Böyle devam eder gider. Şimdi de yazıyı bıraktım bloguma bu tutumum hakkında yazı yazıyorum mesela. Müşterinin makalesi ise öyle bekliyor. Ben şimdi o makaleyi bitirmiş, üstüne "Heh, bir işimi daha tamamladım" diye bir keyif kahvesi içiyor olabilirdim şu anda.



Şu birkaç gündür sorularım perde sistemleri ile ilgili oluyor, klasik perdeler, mekanizmalı perde çeşitleri; böyle şeyler. Çünkü bu konularla ilgili 22 tane makale siparişi aldım. Ama üst üste hep onları yazmıyorum, başka siparişler de var.
Neredeyse her makalede, onu bunu merak edip, ne olduklarına bakıcam derken konudan kopuyorum. Bir de o sırada aklımdan geçenlerle ilgili bir blog yazısı yazmaya kalkarsam iyice kopuyorum.

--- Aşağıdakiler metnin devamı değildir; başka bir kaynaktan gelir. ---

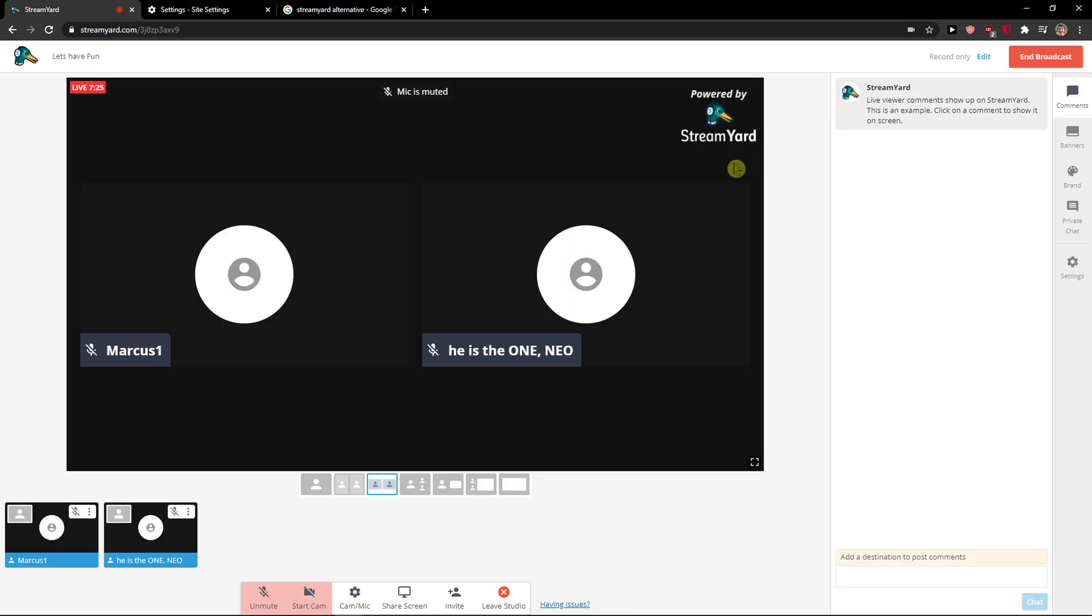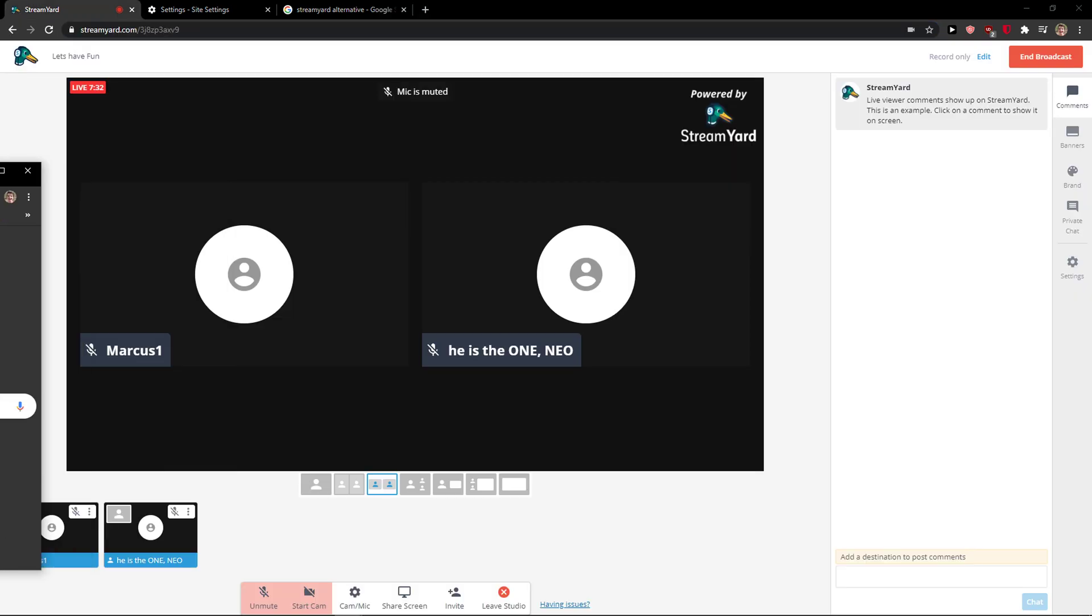So this is pretty much how we do it and this is how you can change your cam and mic settings in StreamYard. Thank you very much. If you have any questions, ask me down in the comments guys.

Bu duruma engel olabilsem daha verimli çalışabilirim ama işte, olmuyor. Merak ettiğim şeyleri kağıtlara not alıp sonra baksam? Bazen onu da yapıyorum. Fakat çoğu zaman anlık olarak araştırıyorum. Bu, bazen yazdığım konuyla ilgili olarak işime yarıyor, bazen de sadece benim merakımı gidermemi sağlıyor. Genel kültür açısından iyi bir şey bu ama iş verimi açısından iyi olduğundan emin değilim.

Şöyle bir faydası da var aslında; yeni makale konuları bulmamı sağlıyor. Şunu araştırayım, bunun ne olduğuna bakayım derken kendim veya müşterilerim için kullanabileceğim yeni fikirler buluyorum. Fakat, kaçınılmaz bir şekilde, o anda yazdığım konudan kopuyorum ve işi tamamlamam daha uzun sürüyor.

Böyle işte. 1 - 2 görsel bulup şunu yayınlayayım da, müşterimin çoktan bitmiş olabilecek olan makalesine döneyim bari. Umarım karşıma merak edeceğim bir şeyler çıkmaz. Veya çıksa da onları görmezden gelmeyi başarabilirim.